Second, the court took issue with the plaintiffs’ failure to “provide the requisite 21-day safe harbor notice required under Rule 11 . . .” Gym Door, supra, at *1. Rule 11(b)(2) prohibits a motion for sanctions to be filed with the court unless notice has been given to the offending party and a 21-day period is afforded for correction of the violation. Fed .R. Civ. P. 11(b)(2).
Finally, “a motion for sanctions must be made separately from any other motion and must describe the specific conduct that allegedly violates Rule 11(b).” Id. In Gym Door, the plaintiffs sought sanctions in conjunction with a motion filed under Rule 37. The court strictly interpreted the text of Rule 11 as prohibiting the combination of Rule 11 relief with that afforded by Rule 37. Gym Door, supra, at *1.

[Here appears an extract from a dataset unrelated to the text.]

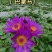 睡莲，巴拿马、鲁比等，带花包发货颜色多样，产地直销
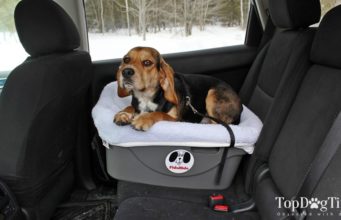 Review: FidoRido Dog Car Seat Fido Rido Dog Car Seat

The lesson to be learned from Gym Door is straightforward but instructive: Attorneys should take extra precaution when seeking sanctions under Rule 11. The rules of civility would seem to suggest that motions for sanctions under Rule 11 not only be filed sparingly but, when appropriate, should (1) be submitted to the court in accordance with the procedural prerequisites of the rule’s text and (2) result from violations of the substantive assurances that the rule governs.
Michael Stefanilo Jr. is a partner at Brody, Hardoon, Perkins & Kesten, LLP in Boston, Massachusetts.